When it comes to neural networks and learning rates, two approaches were always dominating (second one more than the other). Either select a certain learning rate and stick with it, or select a certain learning rate and monotonically decrease it during the training process.

Even though the second approach proved beneficial, it can be difficult to set up optimal starting $l_r$ and schedule for its annealing.

Cyclical learning rates (CLR) provide a solution as they fluctuate $l_r$ between two values at essentially no additional costs and provide a way to select those values optimally, instead of guessing.

I Understanding the Idea

Author of the paper, Leslie Smith, introduces the idea that fluctuating learning rates during training could have, at worst, near-optimal results compared to previously mentioned approaches.

Cyclical Learning Rates could be best understood with the following picture, which is taken directly from the paper:

Maximum and base learning rates are self explanatory. Stepsize (or half-cycle) is the number of iterations needed for the learning rate (blue line) to reach maximum value. Thus, one full cycle is when our learning rate goes from base to maximum value, and then back again to the base value.

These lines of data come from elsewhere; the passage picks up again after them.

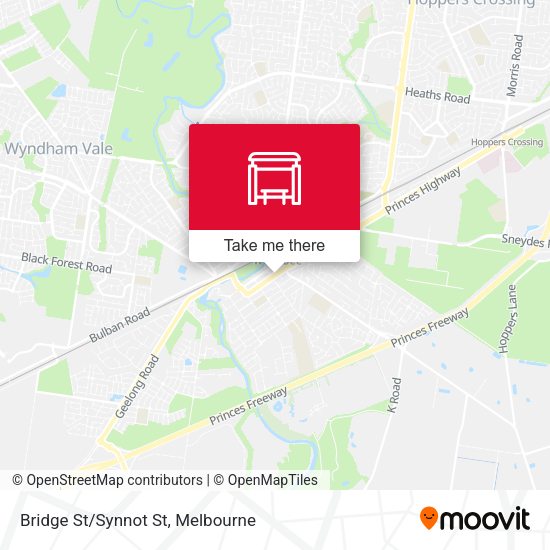 Bridge St/Synnot St map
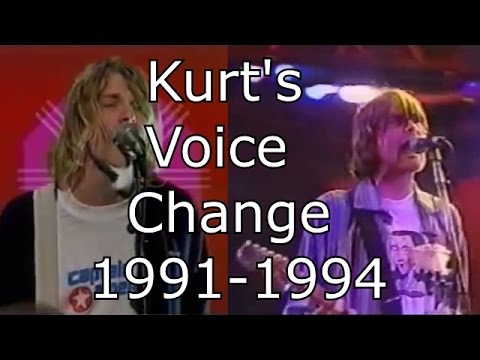Nirvana - Smells Like Teen Spirit - Kurt's Voice Change 1991-1994 (Live Mix)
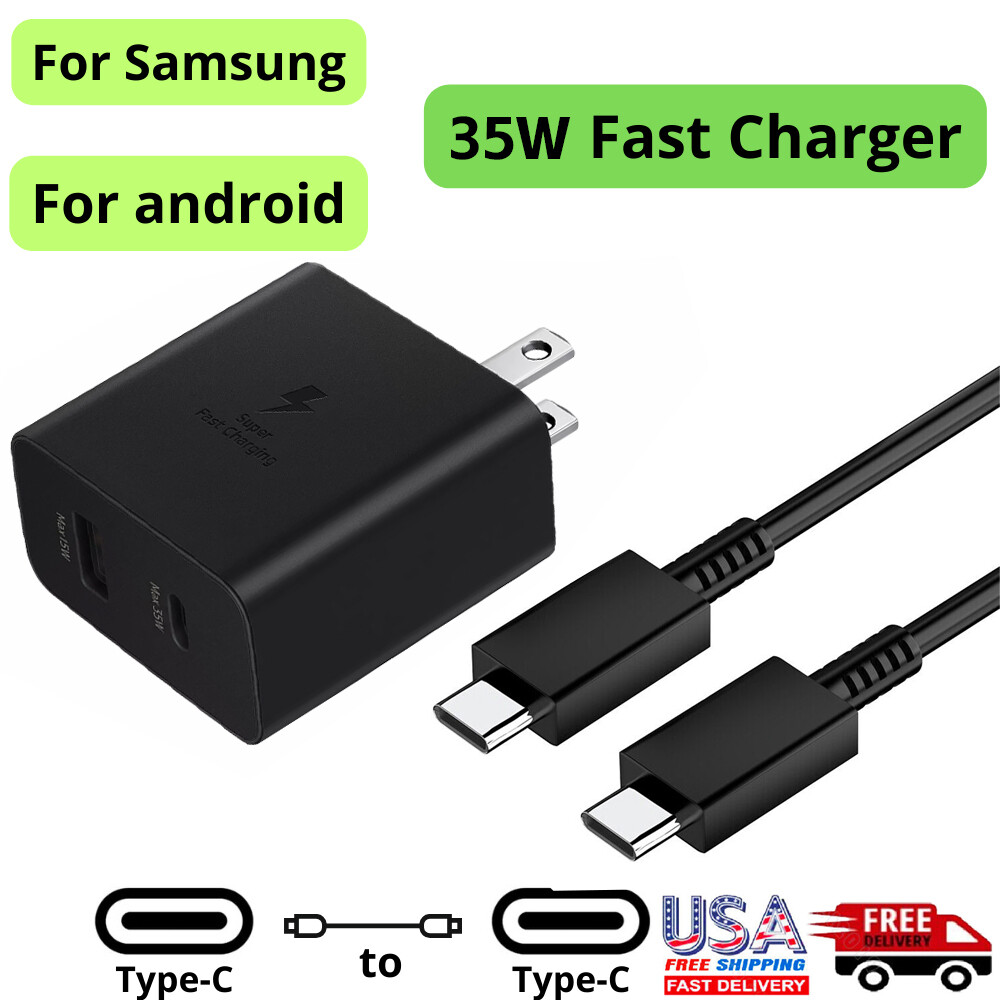 Super PD Power Adapter Duo Wall Charger+Cable For Samsung For Google Android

Formally, cyclical learning rates are nothing more than following three equations: $$ cycle = \lfloor{(1 + \frac{iter}{2 \cdot stepsize})} \rfloor \\ x = \ \mid \frac{iter}{stepsize} - 2\cdot cycle + 1 \ \mid \\ l_r = l_r^{base} + (l_r^{max} - l_r^{base}) \cdot max(0, 1-x) \\ $$

cycle variable gives us the number of the cycle (starting from 1)
x variable fluctuates between 1 and 0 and is the variable responsible for the cyclical part of the name Cyclical Learning Rates
Finally, $l_r$ is the learning rate that we provide to the model in the end

Let's see the code example:

def clr(base_lr, max_lr, n_iter, stepsize, history):
  
  cycle = np.floor(1 + n_iter / (2*stepsize))
  x = np.abs(n_iter/ stepsize - 2*cycle + 1)
  lr = base_lr + (max_lr - base_lr) * np.maximum(0, 1-x)

  if n_iter % 100 == 0:
    history['iter'].append(n_iter)
    history['lr'].append(lr)
    history['x'].append(x)

With the following piece of code, we can perform one full cycle and then plot our variables' change over time:

history = {'iter' : [], 'lr' : [], 'x' : []}
total_iters = 2001

for i in range(0, total_iters):
  clr(base_lr=0.01, max_lr=0.05, n_iter=i, stepsize=1000, history=history)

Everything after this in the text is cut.